Search code examples
deep-learningpytorchloss-functionmse

MSE with predictions not expected


Here is a regression model where I attempt to predict the y values (outputs) from x values (inputs) . Each class is given a different mean and normalized with l2 normalization:

x_values = sklearn.preprocessing.normalize(x_values, norm="l2")

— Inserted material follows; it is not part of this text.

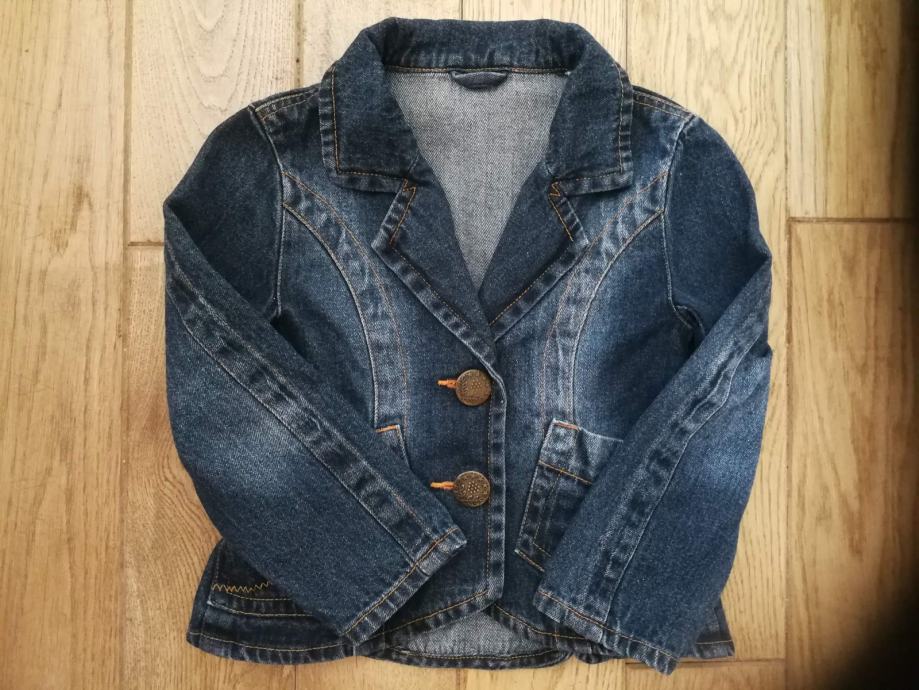 Otroška jeans jakna vel. 116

This may appear as a classification problem attempting to be solved using regression. I'm attempting to understand multiclass regression in PyTorch, as the PyTorch doc gives the following example which suggests multiclass regression is possible:

>>> loss = nn.MSELoss()
>>> input = torch.randn(3, 5, requires_grad=True)
>>> target = torch.randn(3, 5)
>>> output = loss(input, target)
>>> output.backward()

src: https://pytorch.org/docs/master/generated/torch.nn.MSELoss.html

Entire code:

% reset - f

from datetime import datetime
from sklearn import metrics
import torch
import torch.nn as nn
import torchvision
import torchvision.transforms as transforms
import numpy as np
import matplotlib.pyplot as plt
import torch.utils.data as data_utils
import torch.nn as nn
import torch.nn.functional as F
import random
from torch.autograd import Variable
import pandas as pd
import unittest
import time
from collections import Counter
import sklearn

x_values = []
y_values = []
input_size = 17
lr = .1

# Class1
mu, sigma = 0, 0.1  # mean and standard deviation
x_values.append(np.random.normal(mu, sigma, input_size))
x_values.append(np.random.normal(mu, sigma, input_size))
x_values.append(np.random.normal(mu, sigma, input_size))

# Class2
mu, sigma = 5, 0.5  # mean and standard deviation
x_values.append(np.random.normal(mu, sigma, input_size))
x_values.append(np.random.normal(mu, sigma, input_size))
x_values.append(np.random.normal(mu, sigma, input_size))

# Class3
mu, sigma = 10, 1.0  # mean and standard deviation
x_values.append(np.random.normal(mu, sigma, input_size))
x_values.append(np.random.normal(mu, sigma, input_size))
x_values.append(np.random.normal(mu, sigma, input_size))

# Class4
mu, sigma = 15, 1.5  # mean and standard deviation
x_values.append(np.random.normal(mu, sigma, input_size))
x_values.append(np.random.normal(mu, sigma, input_size))
x_values.append(np.random.normal(mu, sigma, input_size))

# Class5
mu, sigma = 20, 2.0  # mean and standard deviation
x_values.append(np.random.normal(mu, sigma, input_size))
x_values.append(np.random.normal(mu, sigma, input_size))
x_values.append(np.random.normal(mu, sigma, input_size))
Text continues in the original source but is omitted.